Daniel with his family
Daniel with his family during move-in day for his first quarter at Cal Poly.

I applied to the Monterey Bay Aquarium Research Institute (MBARI) summer internship program, where I learned about John Ryan and Danelle Cline’s research using machine learning (ML) to monitor whale sounds. Once again, I found myself fascinated by sound, this time by analyzing the sounds of endangered blue and fin whales to further understand their ecology. By identifying and tracking the whales’ calls and changing migration patterns, scientists hope to gain insight on the broader impacts of climate change on ocean ecology, and how human influence negatively impacts marine life.

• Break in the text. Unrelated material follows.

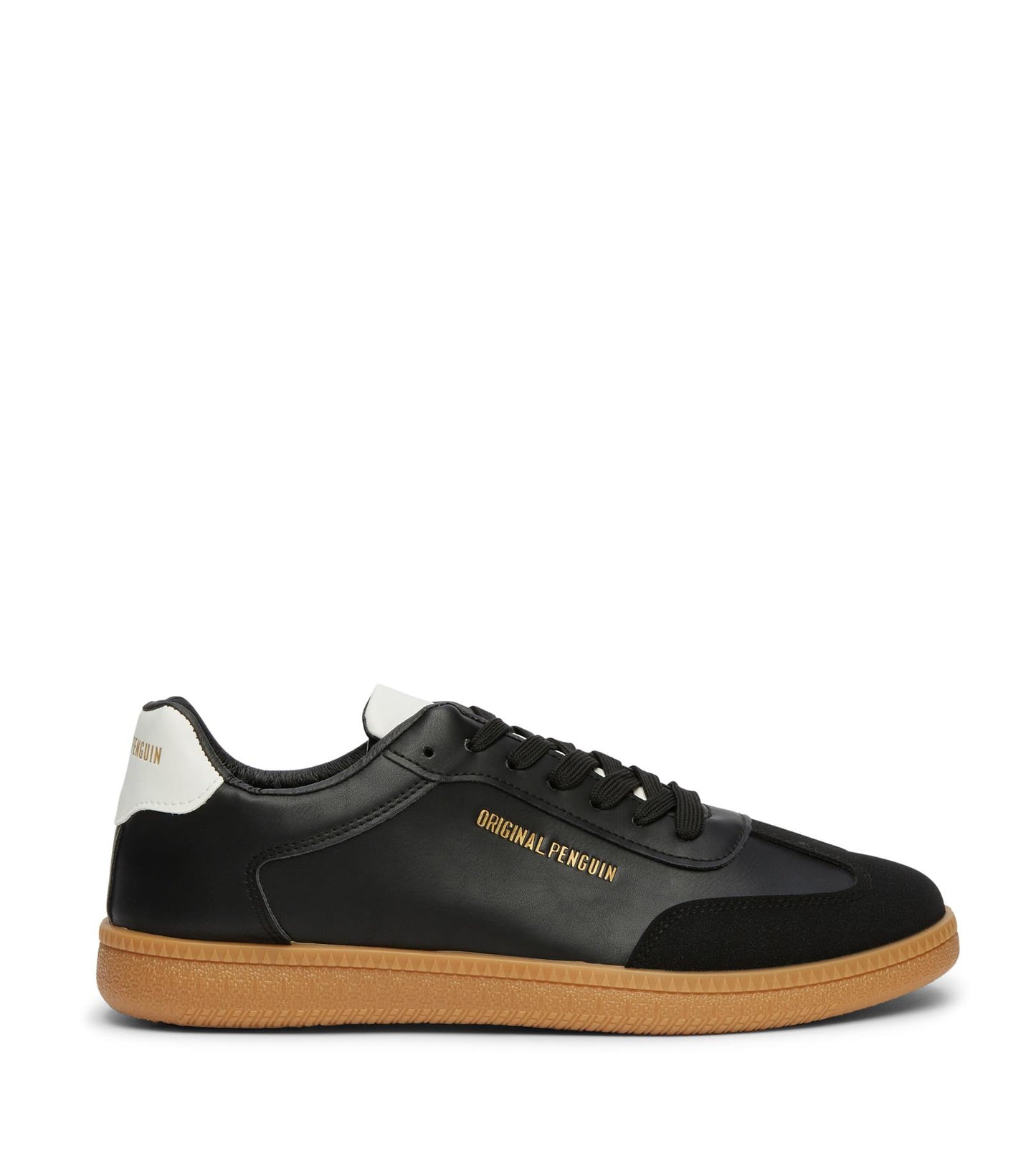 'Salsa' Cupsole Trainer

MBARI had already collected thousands of hours of audio, but it would have proven too cumbersome of a task to sift through all of that data to find whale calls. That’s what led Danelle to introduce me to machine learning. ML enables us to pick out patterns from very large data sets like MBARI’s audio recordings. By training the model using TensorFlow, we can efficiently sift through the data and track these whales with 98 percent accuracy. This tracking system can tell us how many calls were made in any given amount of time near the Monterey Bay and will enable scientists at MBARI to track their changing migration behavior, and advance their research on whale ecology and how human influence above water negatively impacts marine life below.

What started as a passion for music ended in a love of engineering thanks to the opportunity at MBARI. Before community college I had no idea what an engineer even did, and I certainly never imagined my music background would be relevant in using TensorFlow to identify and classify whale calls within a sea of ocean audio data. But I soon learned there’s more than one way to pursue a passion, and I’m excited for what the future holds—for marine life, for machine learning, and for myself. Following the whales on their journey has led me to begin mine.